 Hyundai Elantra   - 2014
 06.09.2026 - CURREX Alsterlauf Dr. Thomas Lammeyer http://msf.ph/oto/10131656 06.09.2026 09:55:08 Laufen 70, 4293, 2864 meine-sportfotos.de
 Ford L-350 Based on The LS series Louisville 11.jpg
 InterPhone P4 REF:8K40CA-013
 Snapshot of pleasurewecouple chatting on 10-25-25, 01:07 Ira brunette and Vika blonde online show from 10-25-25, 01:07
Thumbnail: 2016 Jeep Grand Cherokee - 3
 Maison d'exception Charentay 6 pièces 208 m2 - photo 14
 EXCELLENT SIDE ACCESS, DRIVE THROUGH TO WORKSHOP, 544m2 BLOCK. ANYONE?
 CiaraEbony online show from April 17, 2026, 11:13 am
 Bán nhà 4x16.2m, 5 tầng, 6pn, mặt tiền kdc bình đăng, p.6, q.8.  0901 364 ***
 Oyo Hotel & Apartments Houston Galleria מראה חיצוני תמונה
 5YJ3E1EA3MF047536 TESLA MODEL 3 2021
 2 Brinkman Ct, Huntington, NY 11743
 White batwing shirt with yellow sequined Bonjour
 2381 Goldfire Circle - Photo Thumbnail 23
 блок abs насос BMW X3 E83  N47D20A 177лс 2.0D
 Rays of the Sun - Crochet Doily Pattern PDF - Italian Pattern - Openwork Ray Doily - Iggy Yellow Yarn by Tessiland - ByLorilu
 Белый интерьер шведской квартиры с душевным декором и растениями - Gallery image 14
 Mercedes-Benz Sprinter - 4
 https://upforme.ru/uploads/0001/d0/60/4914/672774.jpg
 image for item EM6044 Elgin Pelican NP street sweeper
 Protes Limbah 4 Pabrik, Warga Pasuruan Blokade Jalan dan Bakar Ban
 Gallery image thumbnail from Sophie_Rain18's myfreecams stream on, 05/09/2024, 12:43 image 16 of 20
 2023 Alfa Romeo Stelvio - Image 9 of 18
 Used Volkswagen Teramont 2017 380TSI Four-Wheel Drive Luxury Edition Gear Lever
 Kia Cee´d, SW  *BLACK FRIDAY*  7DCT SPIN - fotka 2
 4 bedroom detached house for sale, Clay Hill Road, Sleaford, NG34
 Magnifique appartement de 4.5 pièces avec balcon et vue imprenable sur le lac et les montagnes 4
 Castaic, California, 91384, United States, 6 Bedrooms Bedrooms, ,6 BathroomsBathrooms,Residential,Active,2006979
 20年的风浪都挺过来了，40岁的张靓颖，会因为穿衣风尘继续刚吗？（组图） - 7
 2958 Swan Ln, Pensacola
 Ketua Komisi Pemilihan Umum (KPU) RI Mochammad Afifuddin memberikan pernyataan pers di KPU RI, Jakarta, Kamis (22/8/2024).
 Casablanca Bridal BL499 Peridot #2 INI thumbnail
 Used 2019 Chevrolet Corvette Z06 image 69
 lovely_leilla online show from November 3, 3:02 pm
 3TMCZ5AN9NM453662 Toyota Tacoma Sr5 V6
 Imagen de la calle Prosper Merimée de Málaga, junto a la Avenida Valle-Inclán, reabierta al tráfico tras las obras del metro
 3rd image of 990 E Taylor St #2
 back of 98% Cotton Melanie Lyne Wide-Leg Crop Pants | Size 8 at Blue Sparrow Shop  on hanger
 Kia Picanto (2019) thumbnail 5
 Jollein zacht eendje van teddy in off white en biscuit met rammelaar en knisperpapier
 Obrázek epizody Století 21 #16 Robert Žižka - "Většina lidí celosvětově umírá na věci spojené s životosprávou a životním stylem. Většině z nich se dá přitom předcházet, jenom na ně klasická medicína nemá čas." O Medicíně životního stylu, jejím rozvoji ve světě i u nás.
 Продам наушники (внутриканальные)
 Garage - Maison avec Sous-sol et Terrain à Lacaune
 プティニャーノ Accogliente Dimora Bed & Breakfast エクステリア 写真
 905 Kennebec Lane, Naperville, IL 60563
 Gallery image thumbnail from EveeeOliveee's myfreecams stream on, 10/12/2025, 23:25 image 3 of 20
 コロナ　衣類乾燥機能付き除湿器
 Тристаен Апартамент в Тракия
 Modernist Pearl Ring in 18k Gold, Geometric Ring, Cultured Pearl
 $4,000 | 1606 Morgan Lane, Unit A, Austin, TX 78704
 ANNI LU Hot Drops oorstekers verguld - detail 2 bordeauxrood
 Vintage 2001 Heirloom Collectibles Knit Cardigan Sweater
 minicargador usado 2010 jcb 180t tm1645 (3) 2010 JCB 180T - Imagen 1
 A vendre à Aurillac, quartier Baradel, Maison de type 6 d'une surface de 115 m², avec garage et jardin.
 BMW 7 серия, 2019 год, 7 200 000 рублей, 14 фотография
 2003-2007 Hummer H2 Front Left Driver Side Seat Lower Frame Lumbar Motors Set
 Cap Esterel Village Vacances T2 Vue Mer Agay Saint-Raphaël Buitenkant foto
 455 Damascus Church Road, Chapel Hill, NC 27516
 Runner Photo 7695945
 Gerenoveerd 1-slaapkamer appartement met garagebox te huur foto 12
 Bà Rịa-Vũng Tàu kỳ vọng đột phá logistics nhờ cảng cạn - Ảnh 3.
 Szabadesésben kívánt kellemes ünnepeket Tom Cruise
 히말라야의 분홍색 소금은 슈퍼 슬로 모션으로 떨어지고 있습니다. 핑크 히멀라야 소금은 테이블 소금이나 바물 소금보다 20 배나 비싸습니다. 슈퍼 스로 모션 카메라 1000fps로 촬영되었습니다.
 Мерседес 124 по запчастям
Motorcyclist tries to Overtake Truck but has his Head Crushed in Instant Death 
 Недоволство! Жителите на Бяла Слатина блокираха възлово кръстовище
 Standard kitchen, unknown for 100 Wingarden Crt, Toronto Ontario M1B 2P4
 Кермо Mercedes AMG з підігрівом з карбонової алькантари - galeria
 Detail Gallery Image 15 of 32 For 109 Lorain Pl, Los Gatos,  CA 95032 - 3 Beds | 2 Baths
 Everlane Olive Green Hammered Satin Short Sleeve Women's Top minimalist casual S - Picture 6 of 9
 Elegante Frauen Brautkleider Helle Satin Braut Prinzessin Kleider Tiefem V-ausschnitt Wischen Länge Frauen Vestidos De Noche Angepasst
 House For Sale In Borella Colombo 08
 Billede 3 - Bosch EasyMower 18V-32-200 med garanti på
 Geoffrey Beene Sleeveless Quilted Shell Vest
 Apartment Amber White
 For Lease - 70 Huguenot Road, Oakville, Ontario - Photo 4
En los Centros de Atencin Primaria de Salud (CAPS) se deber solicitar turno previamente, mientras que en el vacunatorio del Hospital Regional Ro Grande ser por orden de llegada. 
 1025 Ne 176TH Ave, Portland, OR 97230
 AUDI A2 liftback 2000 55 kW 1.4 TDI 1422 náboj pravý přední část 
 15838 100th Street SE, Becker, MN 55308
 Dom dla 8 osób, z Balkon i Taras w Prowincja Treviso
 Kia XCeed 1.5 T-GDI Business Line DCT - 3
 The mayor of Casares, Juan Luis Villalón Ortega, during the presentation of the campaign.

◇ ◇ ◇ ◇

ABOUT THIS TASK: Copy every line of the entries above in which "myfreecams" occurs.

WRITTEN RESPONSE:
 Gallery image thumbnail from Sophie_Rain18's myfreecams stream on, 05/09/2024, 12:43 image 16 of 20
 Gallery image thumbnail from EveeeOliveee's myfreecams stream on, 10/12/2025, 23:25 image 3 of 20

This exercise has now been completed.